Guiding students through linear regression calculations
An instructor's guide to linear regression
Dr. Melanie Szulczewski (University of Mary Washington)
Dr. Laura Treible (Savannah State University)
What should students get out of this module?
After completing this module, a student should be able to:
- Show how a least squares calculation results in a linear regression line equation
- Calculate the slope (`m`) and intercept (`b`) of a linear regression when given a dataset of two paired variables
- Use a spreadsheet program (Excel, Google Sheets, etc.) to perform a linear regression
- Predict the value of an unknown variable for a given value of another variable using a linear regression line equation
Why are these math skills challenging to incorporate into courses?
Challenge: Students don't always understand what linear regressions really show and why they are important. Tied to this is realizing if their line equation or unknown solution actually makes sense.

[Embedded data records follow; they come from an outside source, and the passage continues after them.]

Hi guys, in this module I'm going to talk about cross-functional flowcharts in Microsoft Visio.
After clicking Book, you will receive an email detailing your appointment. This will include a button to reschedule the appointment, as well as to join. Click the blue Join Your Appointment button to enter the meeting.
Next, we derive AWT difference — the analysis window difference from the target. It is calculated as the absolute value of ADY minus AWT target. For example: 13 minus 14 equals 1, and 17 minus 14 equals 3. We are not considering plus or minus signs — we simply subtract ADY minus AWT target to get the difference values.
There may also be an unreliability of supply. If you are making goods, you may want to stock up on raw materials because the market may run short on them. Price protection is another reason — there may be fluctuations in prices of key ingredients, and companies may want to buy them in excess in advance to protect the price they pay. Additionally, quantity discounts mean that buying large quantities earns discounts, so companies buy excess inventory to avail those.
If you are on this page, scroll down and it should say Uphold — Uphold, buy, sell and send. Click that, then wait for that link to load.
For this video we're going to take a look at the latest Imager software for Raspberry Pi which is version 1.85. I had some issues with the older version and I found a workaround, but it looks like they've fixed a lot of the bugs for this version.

Challenge: Using linear regression to predict values of one variable based on given or known values of another variable, when the given is a `y` and the unknown to solve for is an `x` .

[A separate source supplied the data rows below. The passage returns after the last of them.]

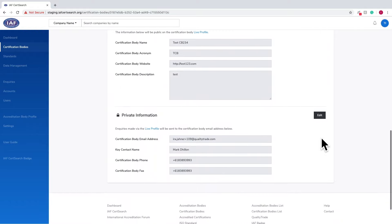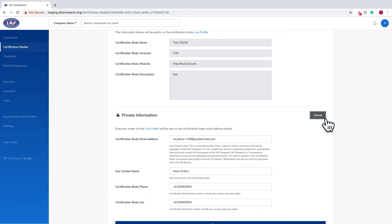If your certification body has not received the activation email, you will be able to change the email address. Click on Edit the Private Information to change the certification body email address.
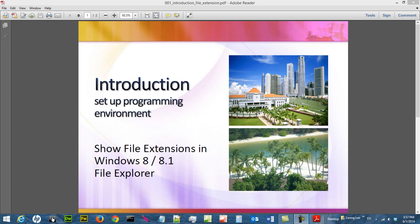In this video we are going to show you how to show file extensions in Windows 8 or Windows 8.1 file explorer. This step is essential for setting up programming environment for programming in HTML, CSS, JavaScript or even PHP.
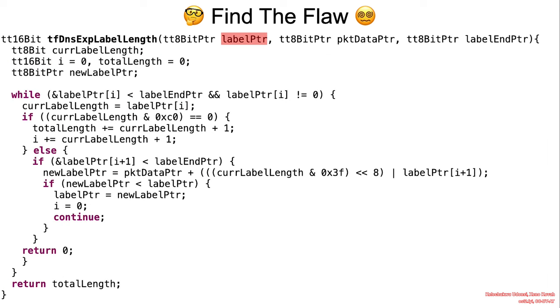And finally, pay attention to the others function, tf-dns-expand-label-length, which attempts to determine the length of the hostname with all the labels combined. Take a moment and we'll be back shortly.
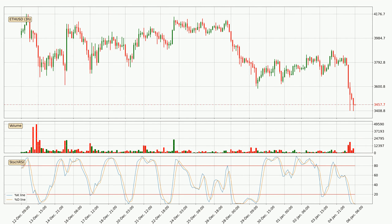Generally, the bigger time frames have a bigger impact on the price, so please keep that in mind when different time frames show contrasting indicators. Also, the shorter time frames are only representative for short-term trading.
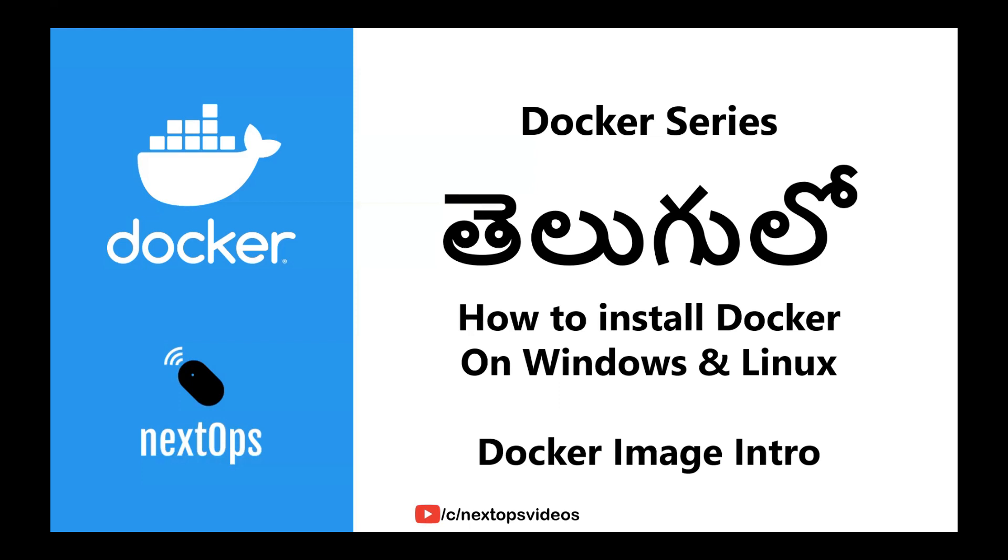We have flexibility in the community. In this video, we will install the Docker Engine on Windows and show the installation steps. Then we will explain the Docker image. So let me switch to my Windows control panel.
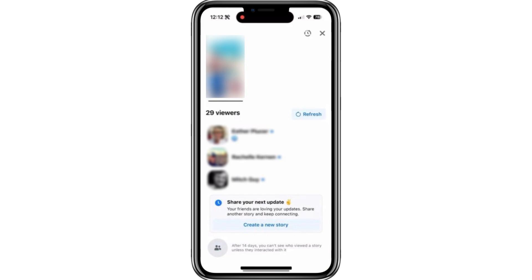And that's it. It's a simple way to see how many people have viewed your featured photo and a quick glimpse of who those viewers are. Thanks for watching.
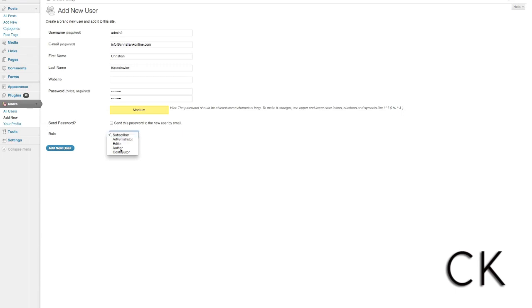Next, you want to also consider setting up contributors. Contributors are people that can write content for you, but they don't have editor-level access, meaning they can't read all of the posts and make edits to them and approve them.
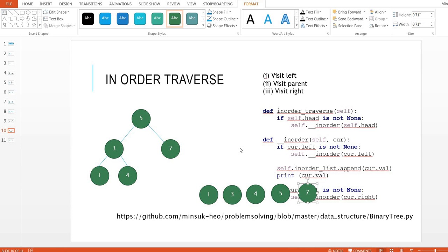Here's the important question: why do we need in-order traversal? In-order traversal guarantees a sorted result. In many interview questions, you may be asked to sort a binary search tree. If you use in-order traversal, you can sort it in O(n) because we visit every node exactly once.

For example, after making a standard curve (e.g., absorbance vs. concentration) to determine concentration of a chemical and performing a linear regression, students should be able to use the line equation to determine the concentration in an unknown solution with a measured absorbance. Students tend to automatically put the known value in for `x` in the equation `y=mx+b` instead of putting the value in for `y` and solving for `x` .
Challenge: Basic spreadsheet organization, including data formatting and graph labeling.
For example, students may enter data into spreadsheets in rows instead of columns, which makes visualization and analyses more challenging.
What we don't include in the page?
- It is important that students understand the line equation is a best fit and predictive, but may not exactly reflect "real" life or actual data points. This can be seen with the initial volcano example, where the calculated y intercept is negative (you can't have a negative age!).
- As noted, the desired value of the correlation coefficient (`R^2`) varies with context and discipline, so every instructor should let students know what is considered a "good" (`R^2`) value. And be sure to emphasize that "correlation does not equal causation."
- Other statistical results are provided with the linear regression. The `p` value, for example, is an important qualifier of the correlation coefficient (`R^2`), but its meaning is not discussed here.
- Log transformations are often used in Earth sciences data. The interpretation of the resulting linear regression data is more complex than explained in this module.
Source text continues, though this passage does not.